**WHAT THE EXERCISE ASKS:** The records below need to come back exactly as they are, pictures omitted.

**DATA SUPPLIED:**

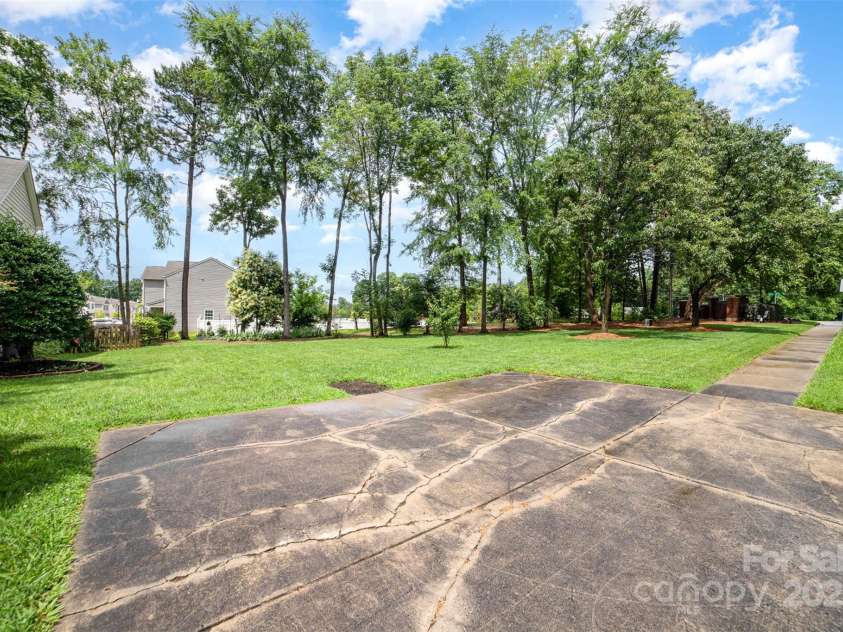 3810 Yorkford Drive, Charlotte, NC 28269.  MLS# CAR4269397, YatesRealty ID 23575. 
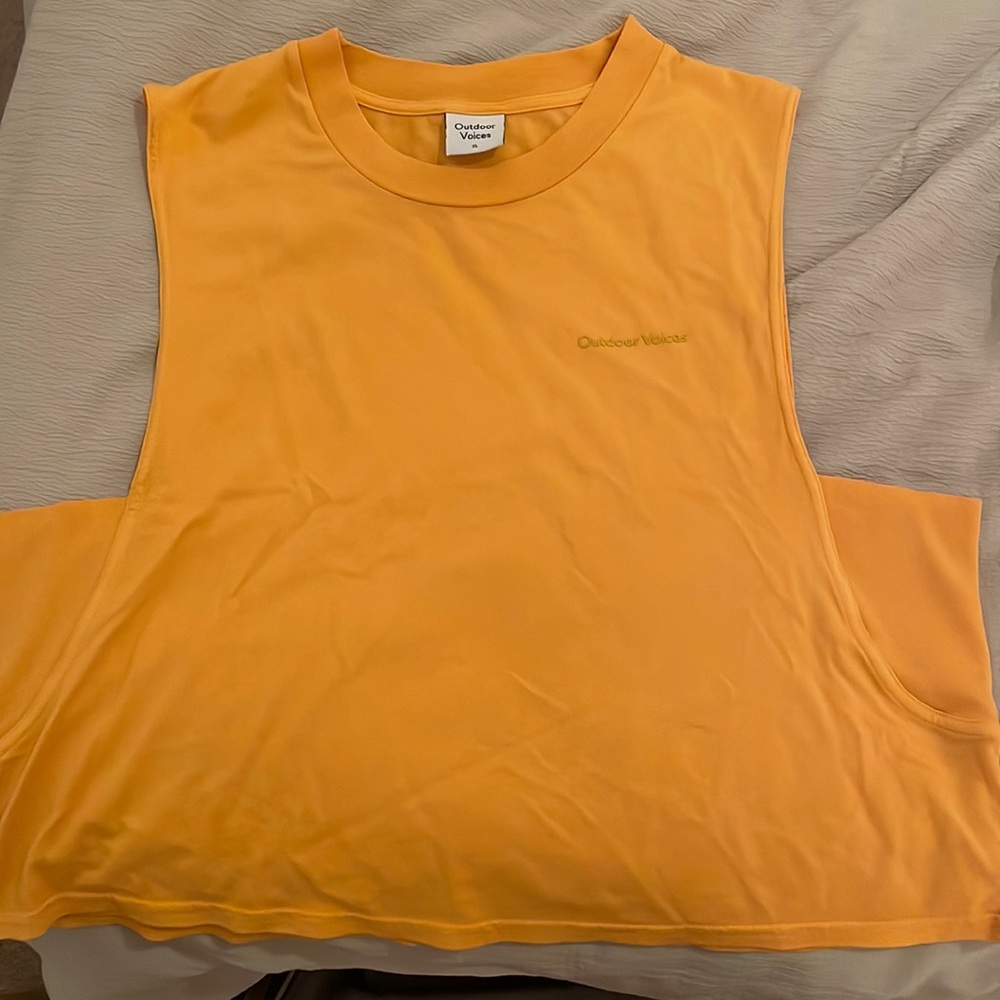 NWOT Outdoor Voices boyfriend tank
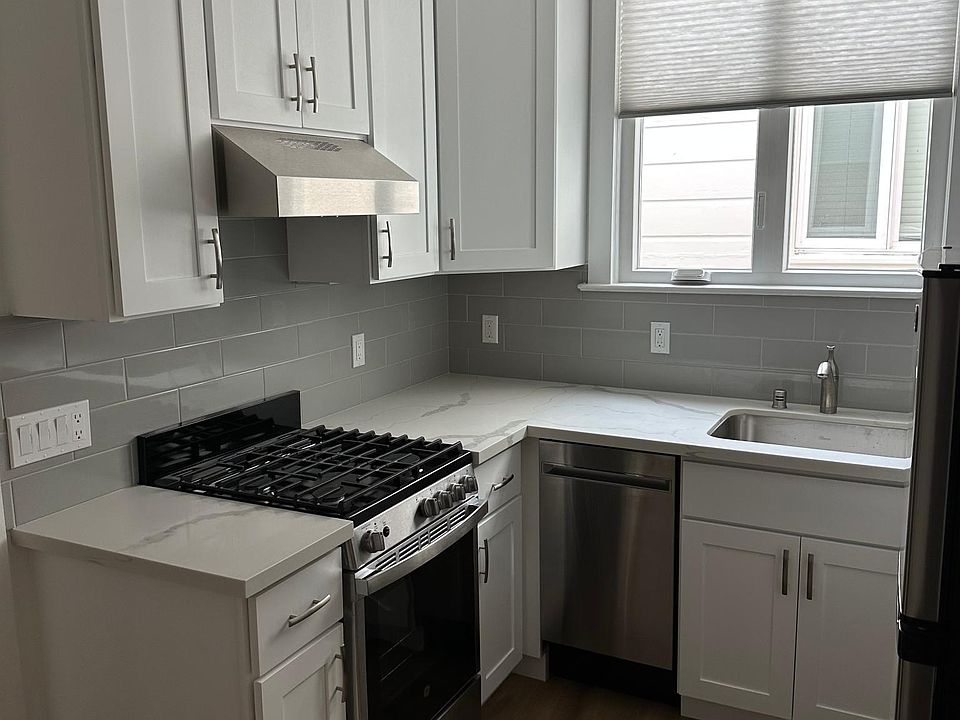 1st image of 816 Taraval St APT 301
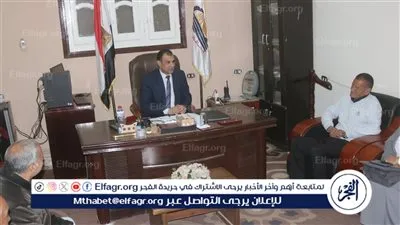  محافظ قنا يشدد على تفعيل قانون حماية الطفل وتكثيف حملات المرور الميداني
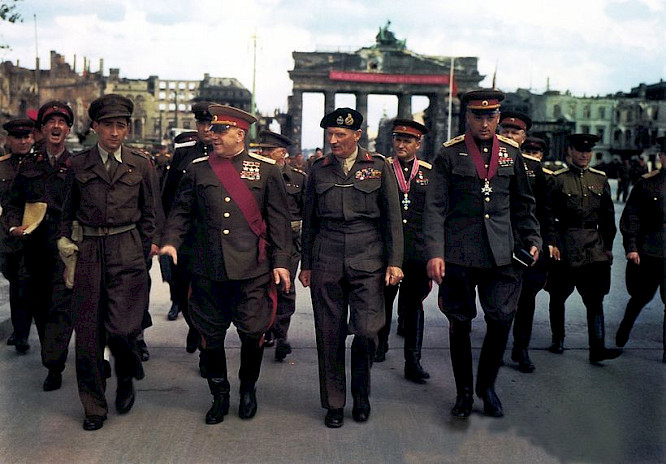 2020 zero one film GmbH 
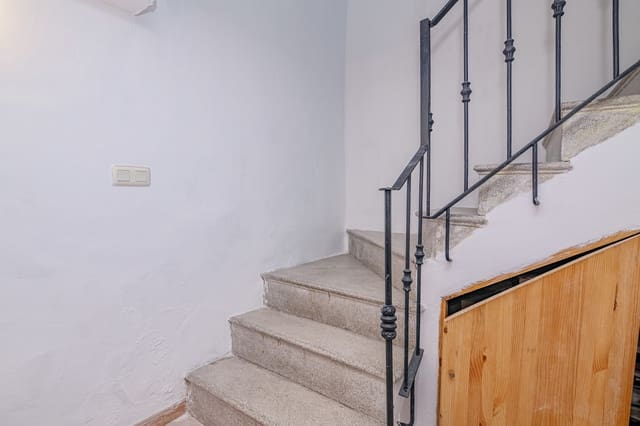 3 soveværelse Rækkehus til salg i San Matías - Realejo, Granada by - € 269.900 (Ref: 9402542)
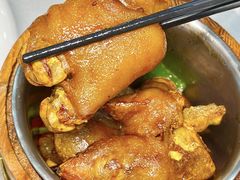 -盛记顺德高佬猪杂粥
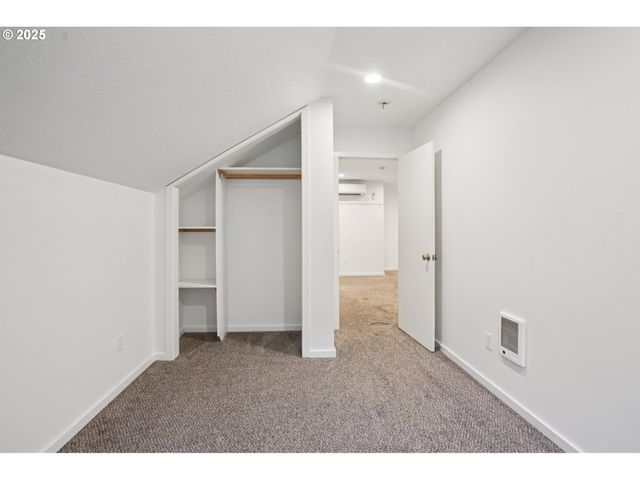 111 FINN HALL Rd, Woodland, WA 98674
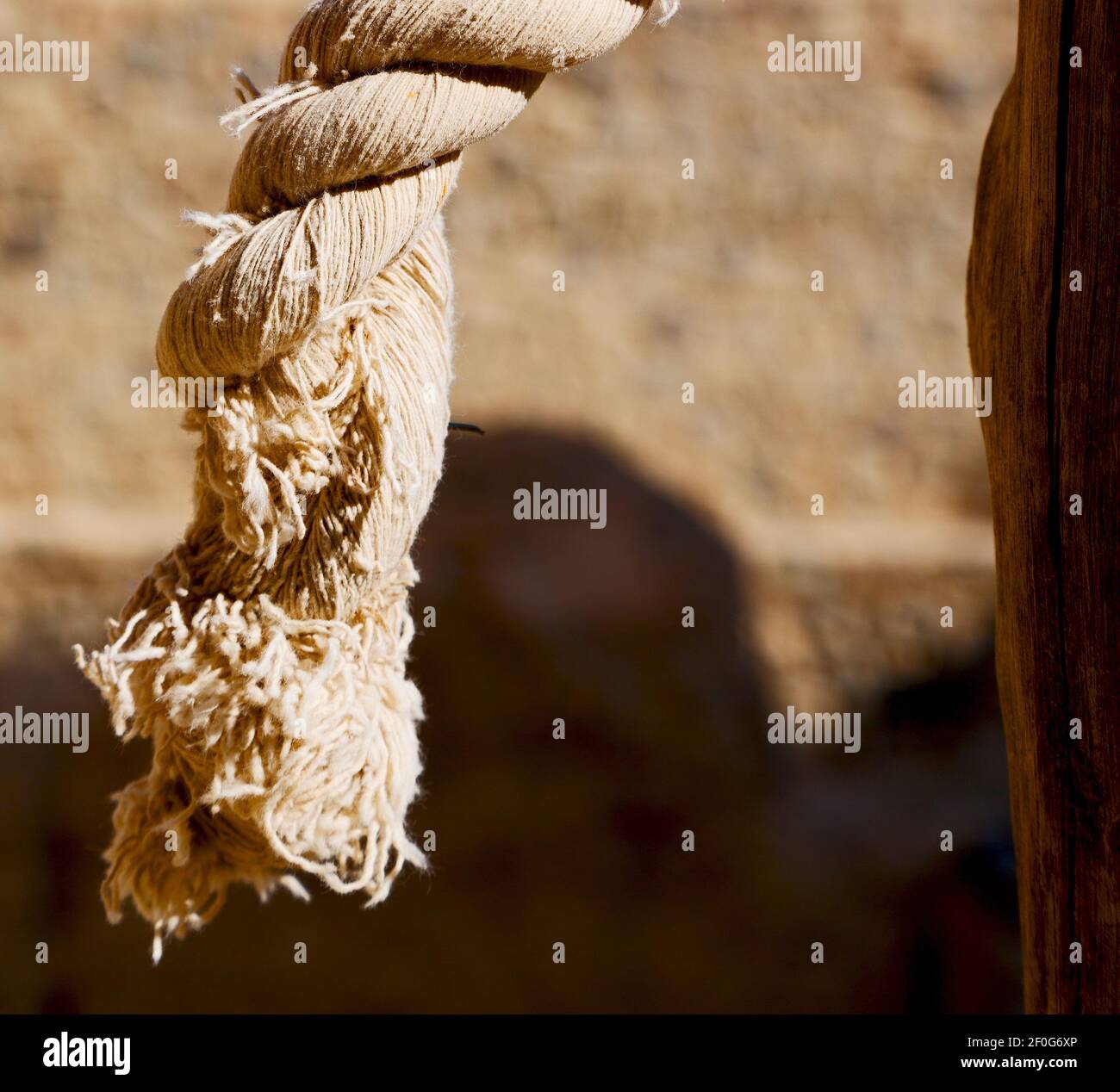 White rope dirty and old Stock Photo - Alamy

**REPLY:**
 3810 Yorkford Drive, Charlotte, NC 28269.  MLS# CAR4269397, YatesRealty ID 23575. 
 NWOT Outdoor Voices boyfriend tank
 1st image of 816 Taraval St APT 301
  محافظ قنا يشدد على تفعيل قانون حماية الطفل وتكثيف حملات المرور الميداني
 2020 zero one film GmbH 
 3 soveværelse Rækkehus til salg i San Matías - Realejo, Granada by - € 269.900 (Ref: 9402542)
 -盛记顺德高佬猪杂粥
 111 FINN HALL Rd, Woodland, WA 98674
 White rope dirty and old Stock Photo - Alamy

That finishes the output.